Segment Start: ENTRIES SUPPLIED

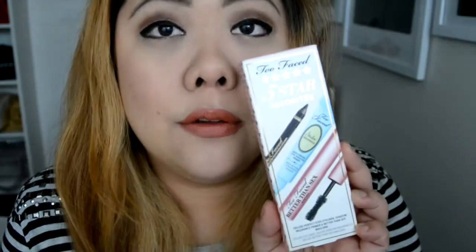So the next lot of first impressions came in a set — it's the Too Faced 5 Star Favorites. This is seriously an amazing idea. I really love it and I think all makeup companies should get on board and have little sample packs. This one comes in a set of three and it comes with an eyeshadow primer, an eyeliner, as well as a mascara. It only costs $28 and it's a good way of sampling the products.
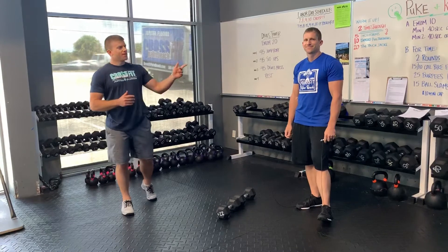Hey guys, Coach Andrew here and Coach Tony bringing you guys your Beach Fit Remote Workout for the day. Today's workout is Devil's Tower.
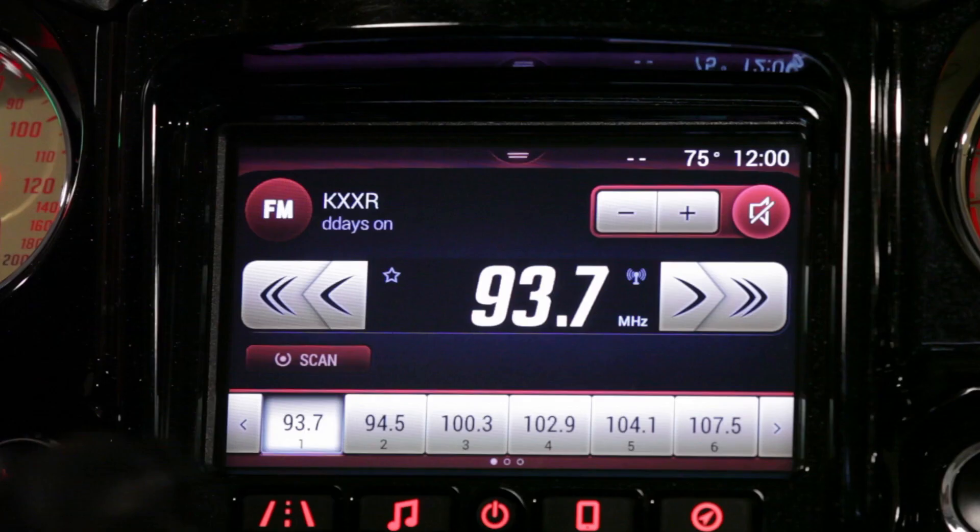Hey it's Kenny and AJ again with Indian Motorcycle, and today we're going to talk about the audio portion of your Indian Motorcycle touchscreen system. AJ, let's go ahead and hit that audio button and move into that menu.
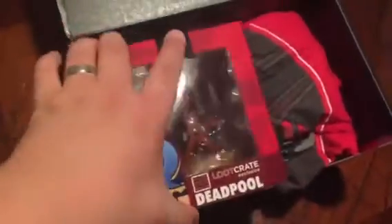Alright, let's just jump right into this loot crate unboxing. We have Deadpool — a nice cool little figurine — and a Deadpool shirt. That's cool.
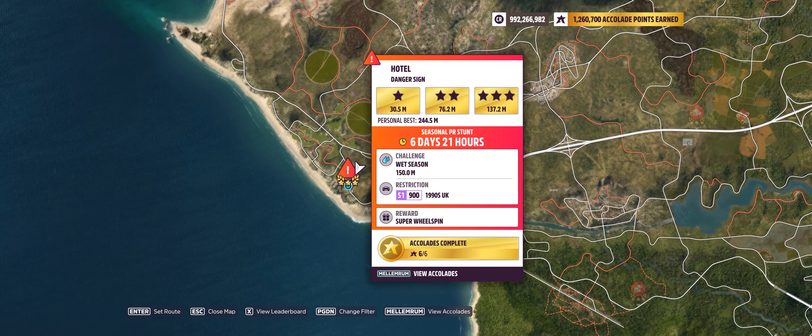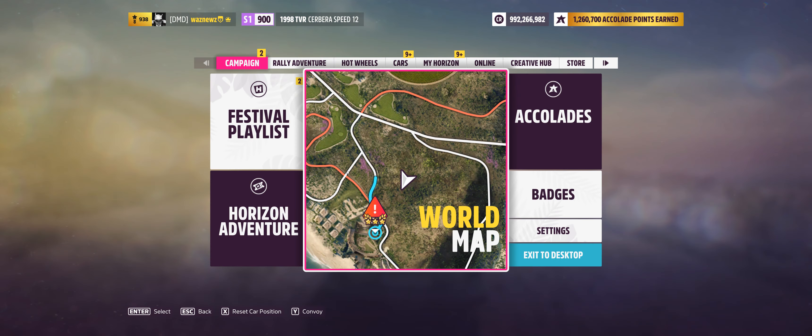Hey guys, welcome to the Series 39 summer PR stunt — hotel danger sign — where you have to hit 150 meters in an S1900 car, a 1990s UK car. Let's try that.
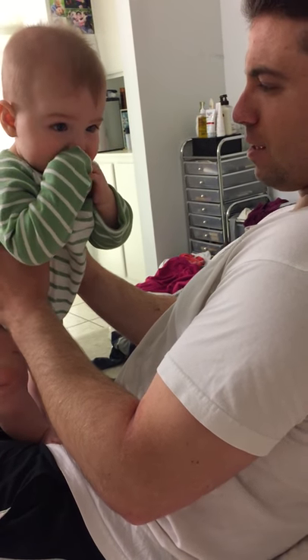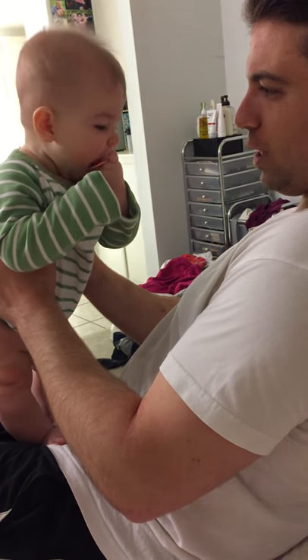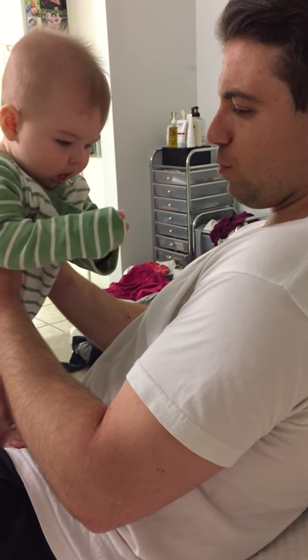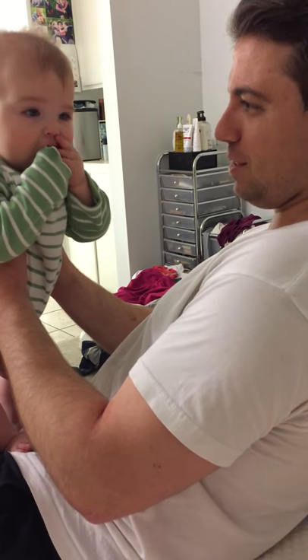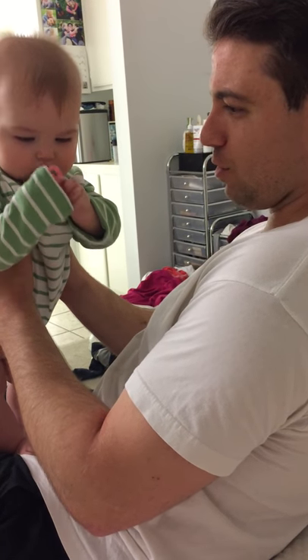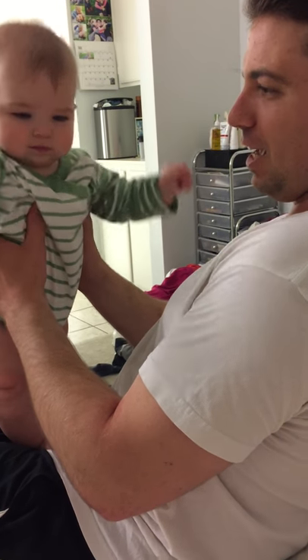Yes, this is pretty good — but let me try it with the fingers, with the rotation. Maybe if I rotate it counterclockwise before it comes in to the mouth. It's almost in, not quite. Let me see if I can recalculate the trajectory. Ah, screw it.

Segment End: ENTRIES SUPPLIED
Segment Start: ENTRIES SUPPLIED

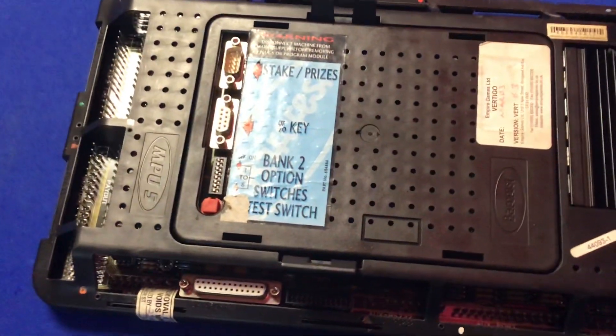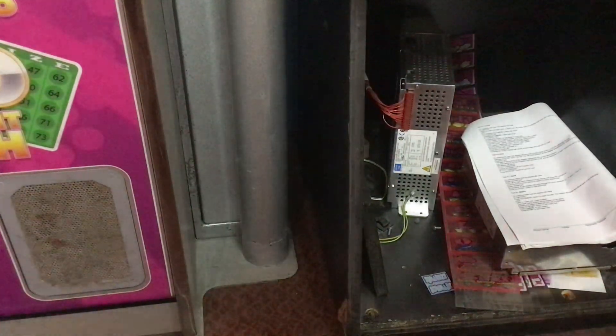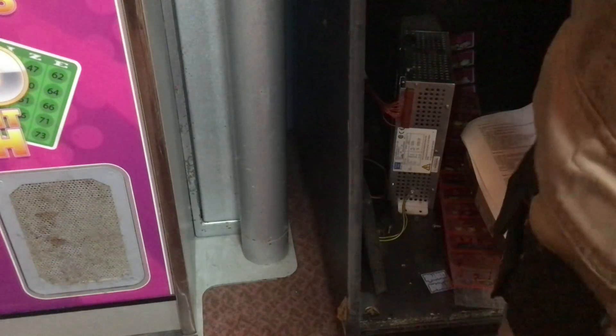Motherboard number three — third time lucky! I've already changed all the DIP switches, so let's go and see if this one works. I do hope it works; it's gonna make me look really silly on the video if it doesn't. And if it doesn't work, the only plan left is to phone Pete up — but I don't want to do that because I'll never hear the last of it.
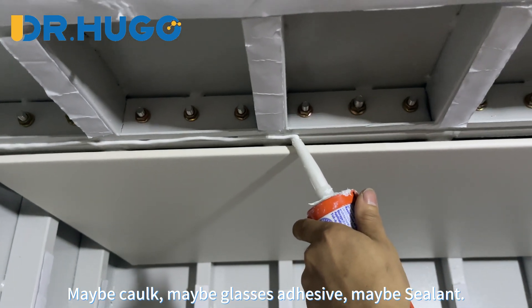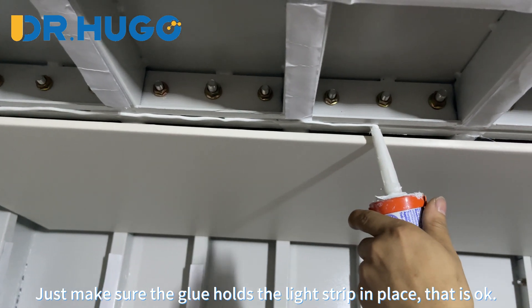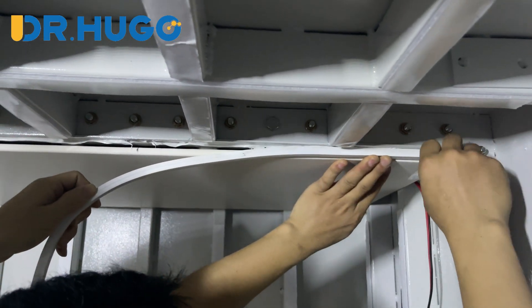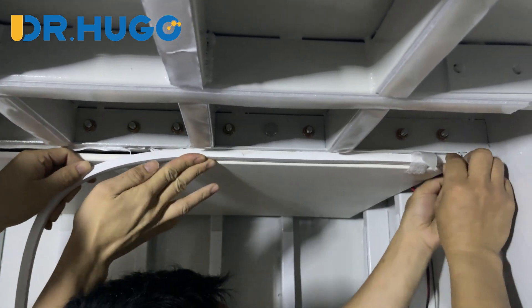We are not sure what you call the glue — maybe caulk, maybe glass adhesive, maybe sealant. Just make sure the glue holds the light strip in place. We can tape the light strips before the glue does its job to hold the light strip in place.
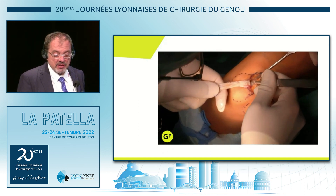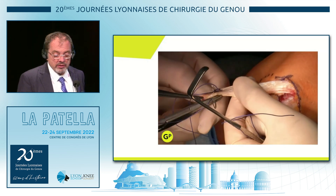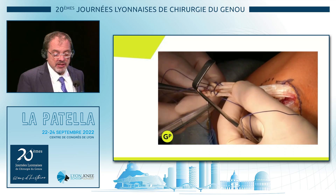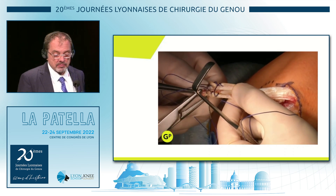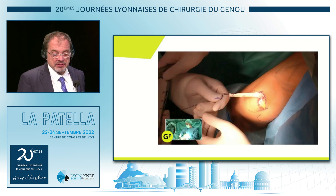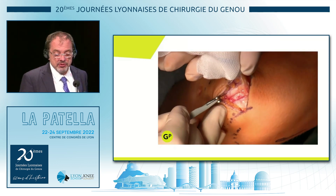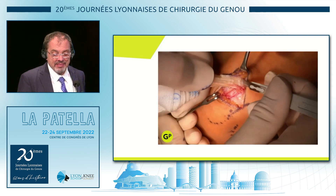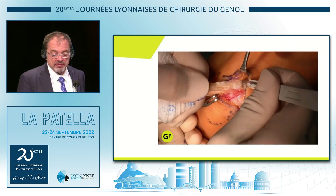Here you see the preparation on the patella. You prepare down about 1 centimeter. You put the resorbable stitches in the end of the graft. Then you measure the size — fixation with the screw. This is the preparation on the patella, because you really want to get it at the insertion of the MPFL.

Segment End: ENTRIES SUPPLIED

- **TRY IT**
Go to the line above that has "Alright, let's just" and copy exactly from there down to the line that has "Yes, this is", both included. Leave the pictures out.

- **OUTPUT FOR THIS TASK**
Alright, let's just jump right into this loot crate unboxing. We have Deadpool — a nice cool little figurine — and a Deadpool shirt. That's cool.
Hey guys, welcome to the Series 39 summer PR stunt — hotel danger sign — where you have to hit 150 meters in an S1900 car, a 1990s UK car. Let's try that.
Yes, this is pretty good — but let me try it with the fingers, with the rotation. Maybe if I rotate it counterclockwise before it comes in to the mouth. It's almost in, not quite. Let me see if I can recalculate the trajectory. Ah, screw it.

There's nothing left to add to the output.